Conan c'est aussi Basil Poledouris, compositeur emblématique des années 80, qui signe là son chef-d'oeuvre absolu. Le thème principal est une véritable invitation à l'aventure, pour ne rien dire du choeur lors du raid sur le village au début du film et de la bataille du tumulus. Mais la bande-son comporte aussi des thèmes beaucoup plus mélancoliques et romantiques, et le crescendo lors de l'orgie est exécuté de main de maître. Quoique l'on pense du film lui-même, il est difficilement contestable que le grand Basil a composé rien de moins que l'un des plus grandes bande-sons originales de l'histoire du cinéma.


Conan c'est encore un des grands méchants oubliés des années 80 : James Earl Jones, qui non content de prêter sa voix à Dark Vador, campe ici l'effrayant Thulsa Doom, monstre de magnétisme et de cruauté tranquille. C'est aussi Sandahl Bergman, Mako, Jerry Lopez ou encore l'incontournable Max von Sydow, tous impeccables dans leur rôle.

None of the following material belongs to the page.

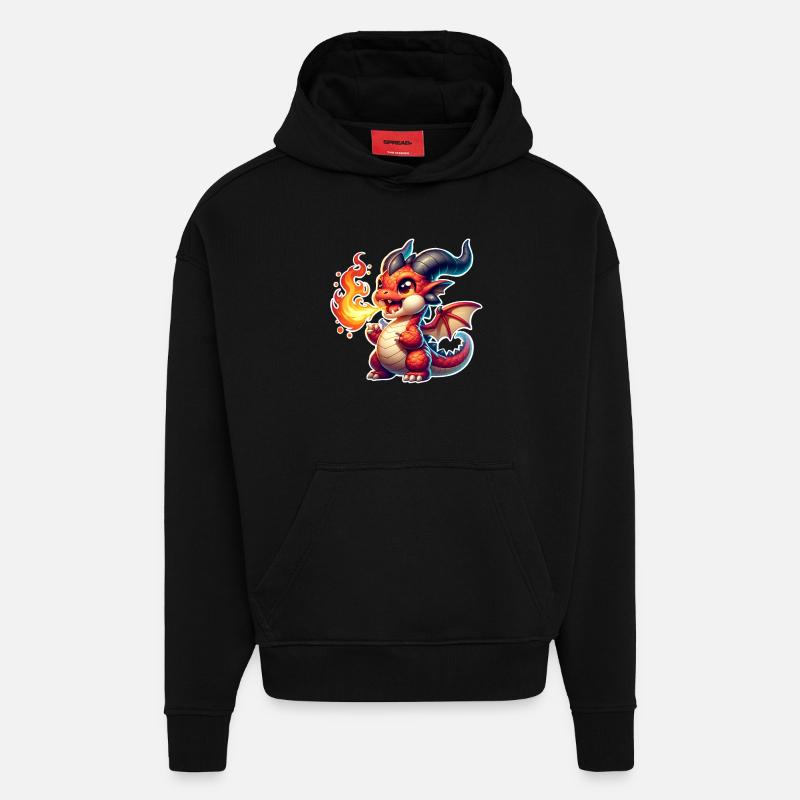 Dragon - Sweat à capuche bio épais oversize fabriqué en UE - SOLID BLACK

C'est également Ron Cobb aux décors, Duke Callahan à la cinématographie et John Bloomfield aux costumes, qui tous ensemble ont créé un monde unique, à l'ambiance presque baroque tant elle exhale le culte de la violence sous toutes ses formes.


Et pour finir, à tout seigneur tout honneur, mais Conan, c'est incontestablement aussi John Millius lui-même. On peut ne pas adhérer aux propos de l'intéressé, il faut reconnaître que Milius est un orfèvre hors-pair, qui sait faire passer un message sans toutefois devenir un ideologue. Il serait facile de croire que Conan The Barbarian n'est qu'un énième fil d'action stupide comme Arnold a pu en tourner des dizaines à cette époque. Il contient certes pas mal d'éléments nanardesques, mais l'histoire est avant tout celle d'un enfant arraché à sa famille et élevé dans la violence la plus totale, ne vit que par elle et que pour elle. L'image final d'un Conan solitaire et barbu sur son trône renvoie à la citation de Nietzsche ouvrant le film : "Was mich nicht umbringt, macht mich starker" : envers et contre tout, Conan est arrivé à se défaire de ses ennemis, mais à quel prix ? Milius aime donc cette idée d'un monde bien macho, iconoclaste et sans pitié pour les faibles, mais il ne l'idéalise pas pour autant. Il est juste regrettable que pour en arriver à cette fin certes satisfaisante, Milius ait ait recopié sa sequence écrite pour Apocalypse Now, à savoir l'assassinat du grand méchant devant son armée d'idoles, en pleine fête paienne. Ce manque d'originalité lui coûte sa dernière étoile.


Il y a donc une sincérité et une absence de cynisme dans le film de Milius (au contraire de Red Dawn dans lequel les méchants Russes sont stormtrooperisés par des ados américains ultra-patriotes, détruisant ainsi la crédibilité d'un film pourtant non dénué de qualités) qui, quoiqu'on en dise, contribuent à sublimer ce qui n'aurait pu être qu'un nanard (le succès du film en engendra d'ailleurs un bon paquet, à commencer par sa suite pitoyable - sans Milius mais avec Richard Fleisher aux commandes, lequel malgré son talent ne prenait pas la fantasy au sérieux). Ajoutez à cela, comme je l'ai dit, un Schwarzie croquant à pleines dents son billet d'entrée dans la cour des grands, un casting attachant, une bande-son inouie et un univers foisonnant, et vous obtenez le meilleur film de Fantasy... jusqu'à ce qu'un jeune Néo-Zélandais, fan avoué du film de Milius, detrône le maître vingt ans plus tard, exactement comme Conan a détrôné Tulsa. La boucle est bouclée. Heureusement que tu as le sens de l'humour, Crom, car sinon... TO HELL WITH YOU !!!